M4-M0 core synchronisation / lock mechanism using mutex or semaphore

lpcware · ‎06-15-2016

Content originally posted in LPCWare by wlamers on Fri Jul 18 01:06:35 MST 2014
I have an application in which both the M4 and M0 core (of an LPC4357) are accessing a (kind of) ring buffer. The buffer is used to store and retrieve data using a pointer mechanism. This requires a sort of lock mechanism preventing simultaneous access of both cores to the pointers/variables. As a side note: there are also some interrupts (mainly on the M4 core) that also access the same buffer pointers/variables.

The latter situation (interrupts) can de dealt with by disabling the interrupts while entering a critical section (section that access the buffer pointers/variables). But the M4-M0 synchronisation is more difficult. I do not want to use the SEV instruction to signal an interrupt to the other core to handle the lock mechanism, mainly due to performance reasons.

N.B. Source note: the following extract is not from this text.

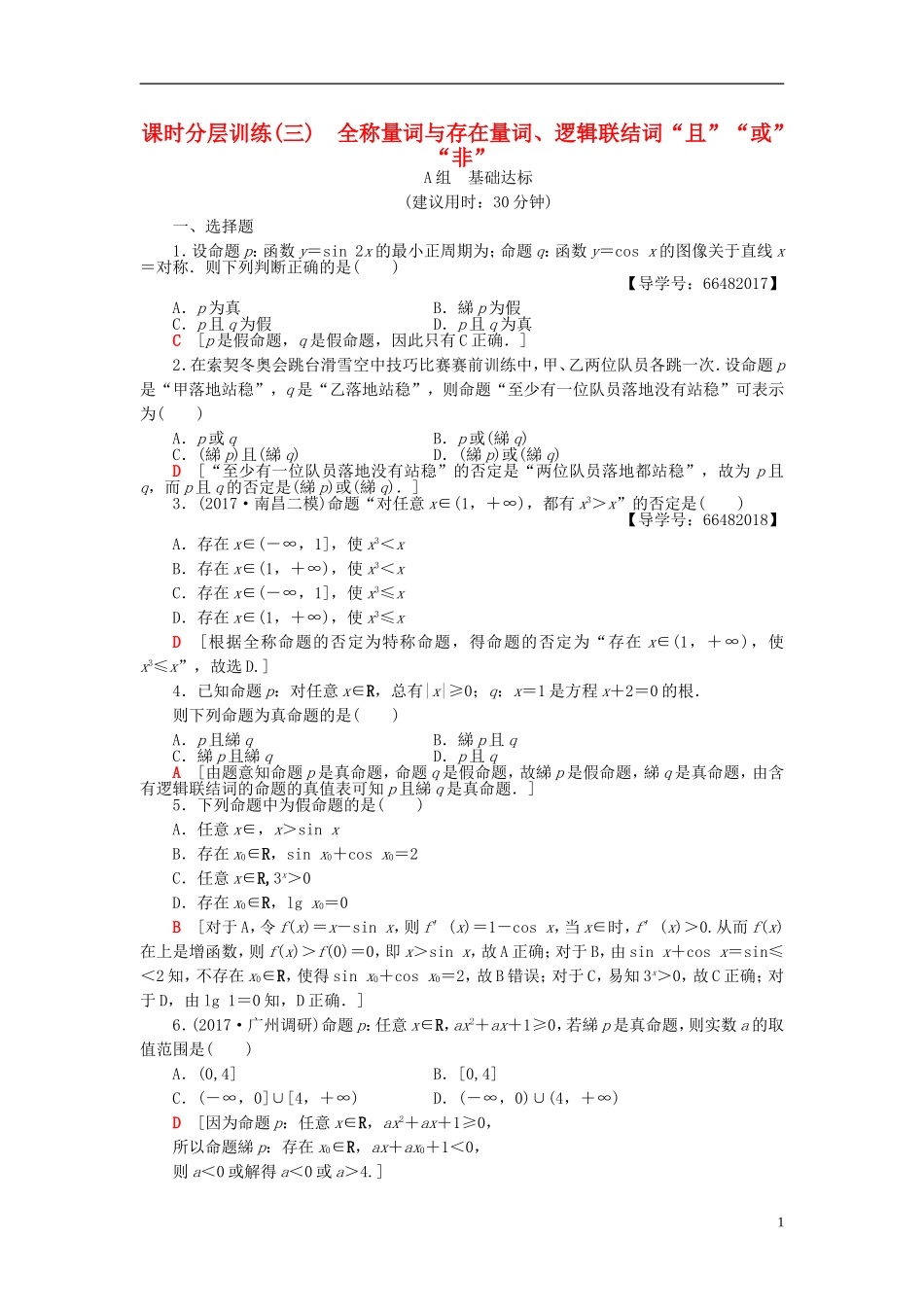 高考数学一轮复习 第1章 集合与常用逻辑用语 第3节 全称量词与存在量词、逻辑联结词“且”“或”“非”课时分层训练 文 北师大版-北师大版高三全册数学试题_第1页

At the moment if have implement a simple lock mechanism that reads a lock variable in shared memory, accessible by both cores. The problem is that the 'check and set' of the lock variable isn't an atomic operation (it requires an 'if' statement and an assignment). This could possible break the lock mechanism causing unpredictable behaviour.

Therefore I need to implement a classic mutex lock mechanism where the test and set of the lock variable (mutex) is atomic. For the M4 this should be possible using the LDREX and STREX (load-exclusive, store-exclusive) instructions. Also ARM recommends using DMB to set a memory barrier. But oddly enough the M0 does NOT have these instructions. Rendering it impossible to use a mutex or other lock mechanism between the cores. Obviously NXP did know this during the design op the 43xx family and I assume they have come up with a solution. Although I cannot seem to find one. The IPC section of the manual and the application note is of no help, nor do I find much information on the internet.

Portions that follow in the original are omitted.